Source data
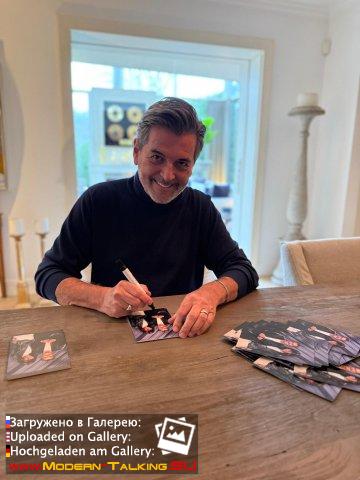 Сегодня снова пришло время подписать для вас несколько личных автографов... Они, конечно, сразу же отправятся к вам! Ваш Томас А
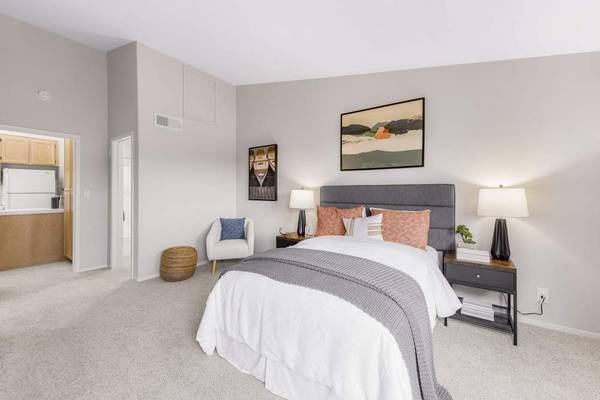 $3,648 / 3br - 1230ft2 - Resident Rewards Program, Cable-Ready, Refrigerator (9870 Mercy Rd, San Diego, CA)63954709116418120
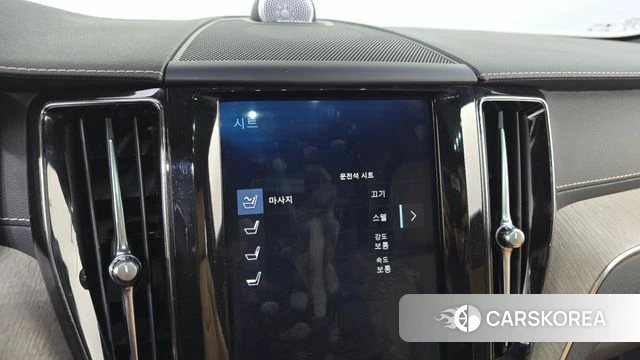 Volvo XC60 second Generation 2018 Белый из Кореи, фото 3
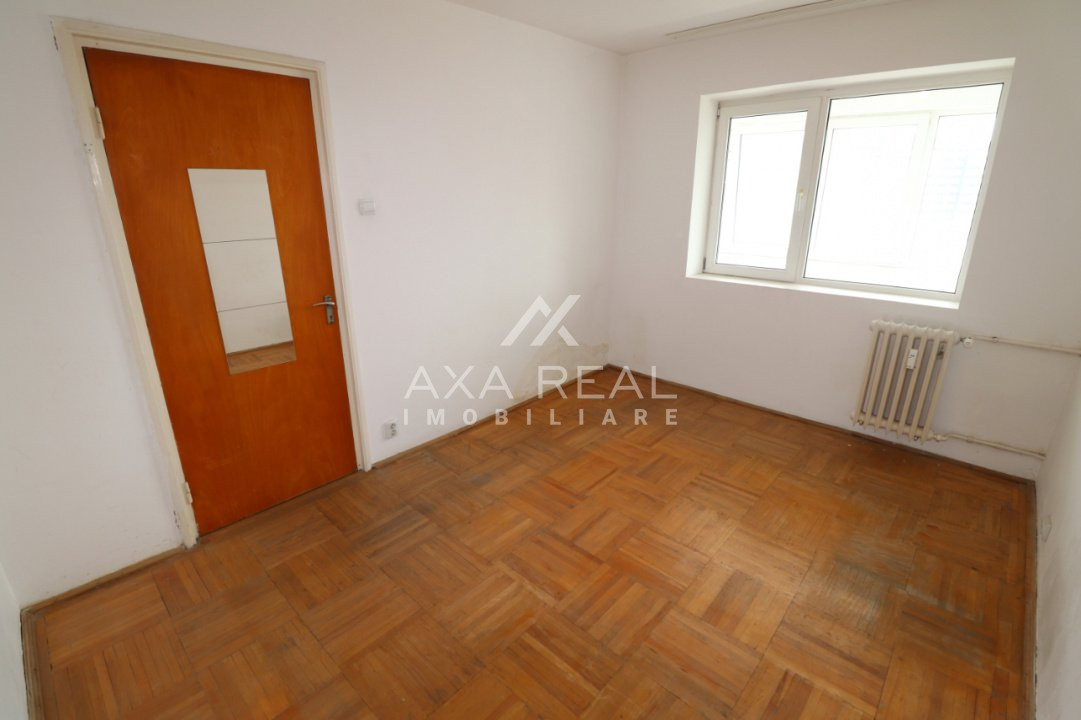 Titan - Liviu Rebreanu  - zona verde - necesita renovare 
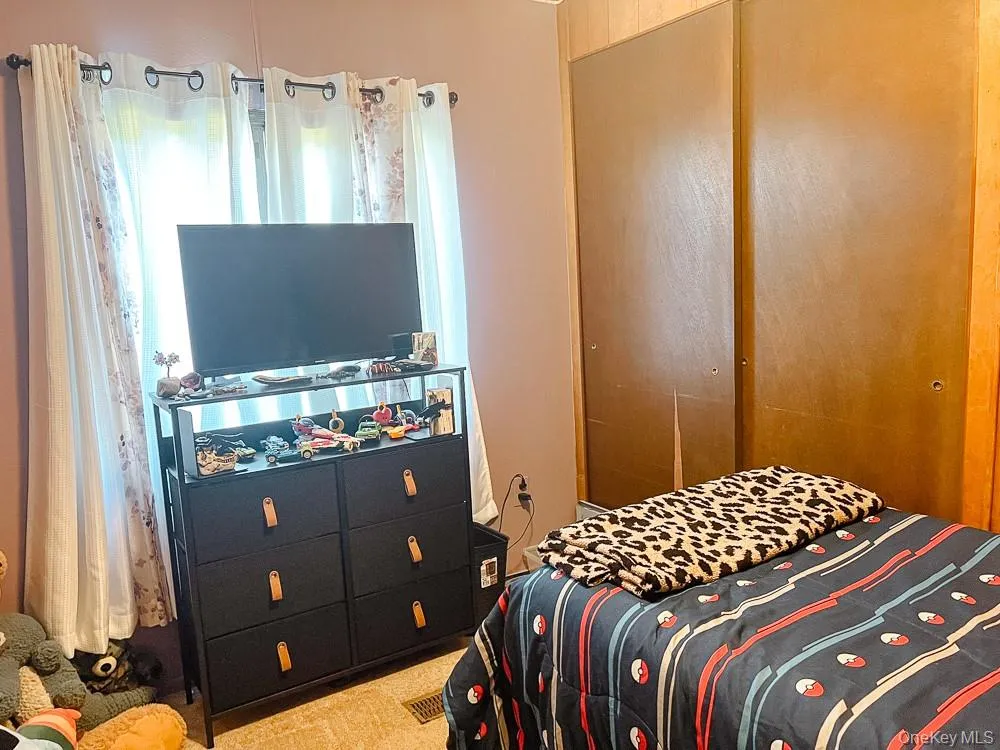 166 Seeman Road, Neversink, NY, 5 Bedrooms Bedrooms, 13 Rooms Rooms,2 BathroomsBathrooms,Residential,For Rent,Seeman,0,1054327 166 Seeman Road, Neversink, NY, 5 Bedrooms Bedrooms, 13 Rooms Rooms,2 BathroomsBathrooms,Residential,For Rent,Seeman,0,1054327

§ **EXERCISE BRIEF**
What is needed is an exact copy of each line from the top of the data above through the line containing "Titan - Liviu", with no pictures.

§ **EXERCISE RESULT**
 Сегодня снова пришло время подписать для вас несколько личных автографов... Они, конечно, сразу же отправятся к вам! Ваш Томас А
 $3,648 / 3br - 1230ft2 - Resident Rewards Program, Cable-Ready, Refrigerator (9870 Mercy Rd, San Diego, CA)63954709116418120
 Volvo XC60 second Generation 2018 Белый из Кореи, фото 3
 Titan - Liviu Rebreanu  - zona verde - necesita renovare 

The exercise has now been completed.